One catch, though.   Unlike a college degree which once earned never needs renewal, the NBPTS requires teachers to renew their certification every 10 years—at a cost of $1,250.

That I did not do, yet still view myself as a National Board certified teacher.  Once earned, no fee should strip that designation away.

This past summer, NBPTS was soliciting board certified teachers to work over the summer at the professional rate of, get ready, $25 an hour.   My electrician charges me $100 an hour.

The Princeton Review pays high school graduates $22 an hour to tutor, yet the NBPTS pays just three dollars more for a teacher with a college graduate, a fifth year of college earning a teaching credential, and national board certification.  It doesn’t make any sense.

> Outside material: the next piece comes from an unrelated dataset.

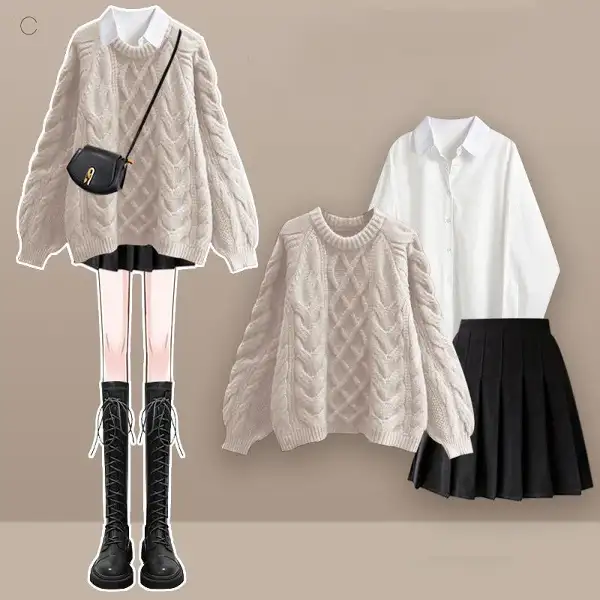 ホワイト/シャツ+アイボリー/ニット.セーター+ブラック/スカート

Which is why I contacted NBPTS President and CEO Peggy Brookins.

Here is a portion of the letter:

As much as I would like to work with other noted educators around the country, I wanted to let you know why I am not submitting an application to do this work:  the low remuneration of $25 per hour.

What surprises me is of all the organizations to spotlight high quality teaching talent, one would think that the NBPTS would be the one to recognize the importance by compensating NBCTs adequately, commensurate with their expertise to the field of teaching.

I never received a reply.

Imagine that.   The head of the organization that purports to lead the charge for the best and brightest in the land, yet has no time to respond to one of its own.

Beyond higher pay, NBPTS’s hope was for those in charge of running schools to view NB teachers as resources, experts in the field of education.

I would like to tell you about all the exciting opportunities my school district offered me in helping them shape education policy and set curriculum standards.   But I’m still waiting.